BISHOP MCGEHEE: Let us pray. Oh mighty God and heavenly Father, whose ways are just and whose judgments are true, God, we beseech you with your never failing wisdom, for the Supreme Court of this state, and other courts of justice in our states and nation, give to all judges and to those who assist them, patience, honesty and compassion. We would remember especially on this day your servant Mennen whose leadership, faithfulness to duty, integrity, and concern for all persons have been an example to see and follow. We ask your blessing upon him, Nancy, their children and their grandchildren as Mennen and the other Justices of this Court proceed to assume their responsibilities for the coming term; may they always remember that the people they serve are your people, that they may all the more readily discern the truth and impartially administer justice. Through Jesus Christ our Lord. Amen.
CHIEF JUSTICE: Thank you, Bishop McGehee. Now let us share a moment of silent prayer for the recently deceased former Justice of this Court, Federal Judge TALBOT SMITH. [Pause.] Thank you. Please be seated.
Several former Justices of this Court are here today. For my colleagues and myself I wish you to know that it is very, very nice to see you all. Your presence reminds us that the Court is a permanent institution and thereby we are also reminded not of our importance, but of the great importance of the offices we hold.

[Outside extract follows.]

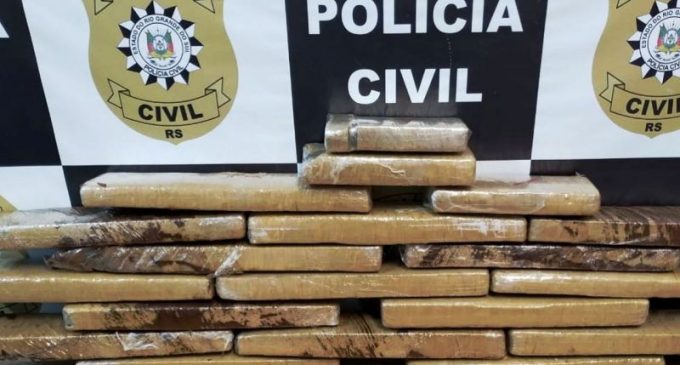 POLÍCIA CIVIL  : Três prisões e apreensão  de trinta quilos de maconha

I would like to introduce first those Justices who have served on this bench with Justice WILLIAMS and then the Justices who preceded him. I ask that you rise as your name is called and remain standing for the applause which will come after you have all been introduced. I know there will be applause because I am going to lead it. Justice PAUL A. ADAMS, Justice THOMAS E. BRENNAN, Justice JOHN B. SWAINSON. I might explain that Justice LAWRENCE B. LINDEMER wanted very much to be here and attend this ceremony but he was unable to attend because of a previous family commitment.
Now the Justices who preceded Justice WILLIAMS to this bench who are with us. Justice OTIS SMITH, Justice THEODORE SOURIS. Now let’s hear it [applause].
It is my pleasure to introduce some of our other distinguished guests, and again I will ask each of you to rise as I call your name and remain standing until all have been introduced and the applause dies down. Again I guarantee the applause.
ROBERT J. DANHOF, Chief Judge of the Michigan Court of Appeals and immediate past president of the Michigan Judges Association; Ernest C. Boehm, Probate Judge and past president of the Probate Judges Association; MICHAEL FRANCIS CAVANAGH of the Michigan Court of Appeals; Albert P. Horrigan, District Judge and immediate past president of the District Judges Association; Gerald Graves, Mayor of the City of Lansing; John Kelly, Michigan State Senator; Edward Pierce, Michigan State Senator; Raymond Kehres, Michigan State Representatives; Joseph Forbes, Michigan State Representatives; William Ryan, Michigan State Representative; Edward E. Mahalak, Michigan State Representatives; Alice W. Tomboulian, Michigan State Representative; Jeff Dongvillo, Michigan State Representative. Oh, I’m sorry, Senator Jackie Vaughn. Now did I miss anybody? All right, now we can hear it [applause].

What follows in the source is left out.